I sometimes feel that here at Yale, we have measured out our lives with coffee spoons. We forget how to walk barefoot, to act impetuously, to consider the potential promise of an unplanned unknown. Just take a look at a kaleidoscopic GCal, try to schedule in something spontaneous (already inherently doomed if you’re using the word “schedule”), or ask someone in October what he or she is doing for the summer. When he responds, “I don’t know yet,” it is only a cautious preamble to the ensuing list of applications and internships already set at low-to-medium heat on the back burner.

On the Friday night lurking before The Game, I was reminded how on this one weekend, our deeply ingrained mentality of preparedness and risk aversion undergoes a drastic bouleversement. From the moment our soles touch Cambridge pavement until kickoff, there is no knowing where we may find ourselves. Our biennial pilgrimage to Harvard rests on a transient trust in chance and the unknown — two ambiguous entities that most Yalies have long striven to avoid. Not to mention our faith in Cantabs — that after the juvenile bad-mouthing and platitudinous back-and-forth, our witless rivals will still have the decency of heart to swipe us into their entryways, let us crash on their couches and flop on their library floors.

For a short, glorious stretch of uncertainty, we leave our immediate futures up to chance. And quite often, this simple risk leads to some of the semester’s most entertaining stories. A friend of mine still seizes any possible opportunity to recount his 2010 Yale-Harvard tale of waking up alone in a chemistry lab. This year, a buddy at the tailgate revealed to me, beneath his neon shades, a lazy eye generously imparted the night before by a Harvard student. And one of my girlfriends ended up in the tender embrace of some Harvard chap named Vipple.

I’m not, let me clarify, condoning belligerence or trespassing, renegade romance or intentional recklessness. Safety is always paramount, and I trust that both Yalies and Cantabs transcend the invisible lines of college loyalty to prioritize mutual well-being. What I am condoning, rather, is a tryst with chance — a willingness, if only short-lived, to succumb to serendipity. To have absolutely no idea what you’re doing or where you’re going or who’ll be there with you, and to be, for once, okay with that. For many of us, that comes as easily as brushing off a bad grade.

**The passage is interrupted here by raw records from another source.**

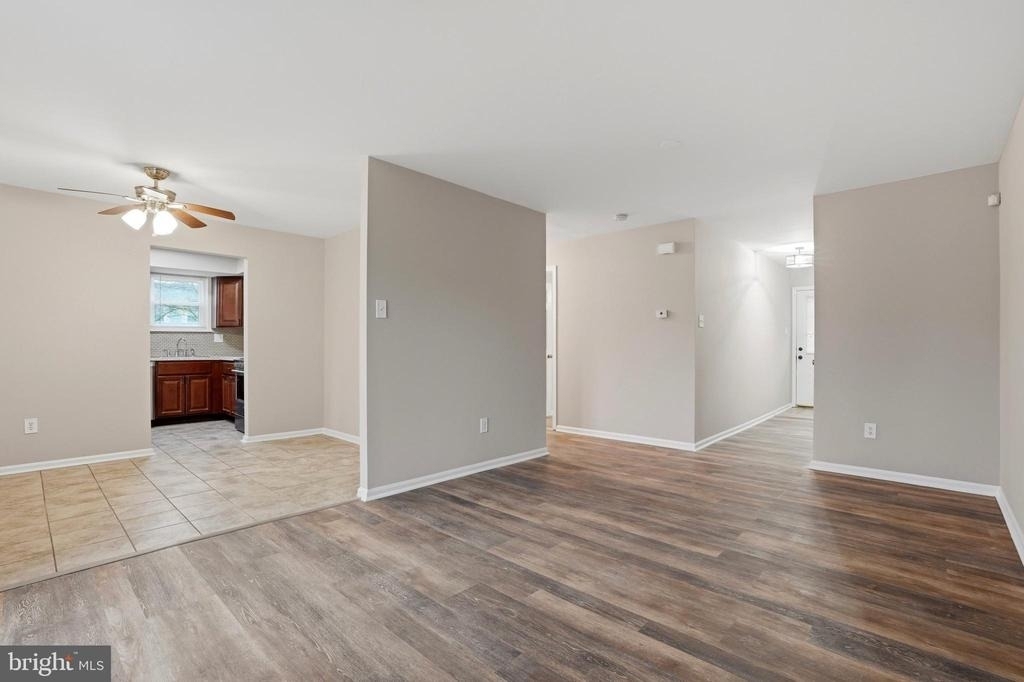 4546 Rosemarie Drive - Photo 4
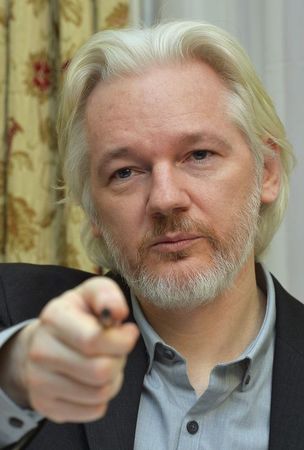 © Reuters. Julian Assange dice que dejará "pronto" la embajada de Ecuador en Londres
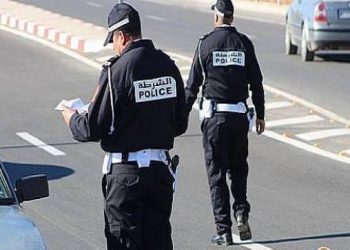 سائق سيارة يحاول دهس شرطي بسلا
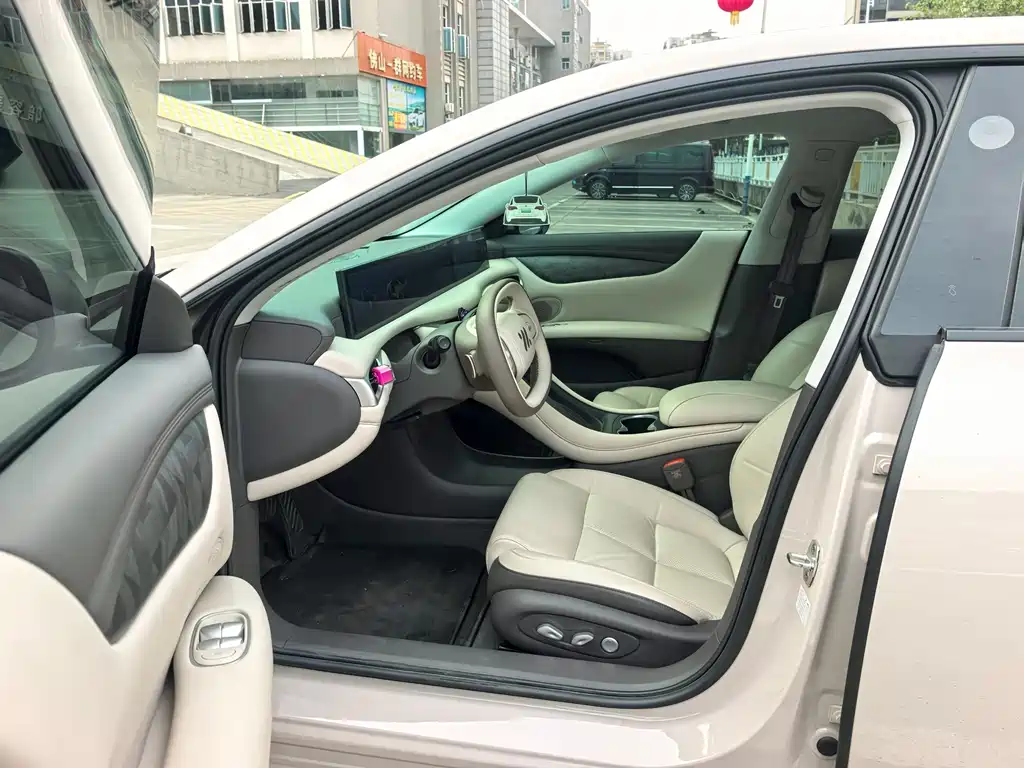 ZHIJI AUTOMOBILE ZHIJI L6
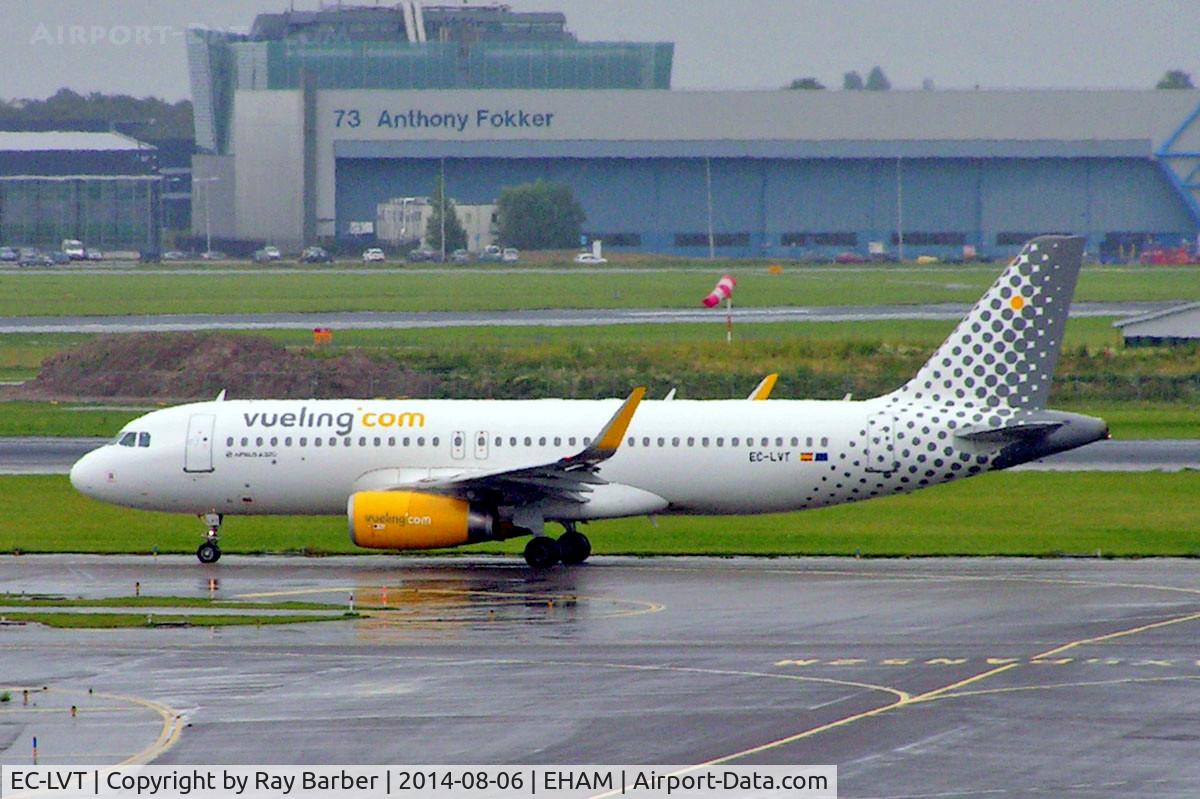 EC-LVT, 2013 Airbus A320-232 C/N 5612, Airbus A320-232(SL) [5612] (Vueling Airlines) Amsterdam-Schiphol~PH 06/08/2014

And sometimes, the powers of chance stick around until Game day. For the first time in a long while, hundreds of Yalies are gathered together with their default mode of communication largely incapacitated. At the tailgate, you are better off meandering aimlessly than trying in vain to talk your texts into sending. If they don’t want to, they won’t. Cyber communication crippled, you might stumble into The Game on the arm of someone unexpected, or perhaps let the still-wet wings of a fledgling relationship give a little flap, knowing in that heart of risk-averse hearts that if those wings don’t fly, the impending vacations will provide a safe and subtle exit.

Yale-Harvard is a curious thing — that one weekend a year when it’s suddenly okay to wear those old-boy H and Y sweaters out in public without feeling like a self-satisfied poseur, to be hailed a safety school and to not check your email for all — yes, all — of Saturday. Perhaps the stories of serendipitous mishaps that we encounter in Cambridge will render more Yalies willing to leave their tomorrows less meticulously planned. I’d like to believe the best things come unseen, and certainly not color-coded. These are our bright college years, and we only live them once; don’t let Yale-Harvard be the only time you let in a little of the unknown. Chem lab counters and Vipple’s semi-sculpted biceps may not appeal to everyone, but, well, you just never know.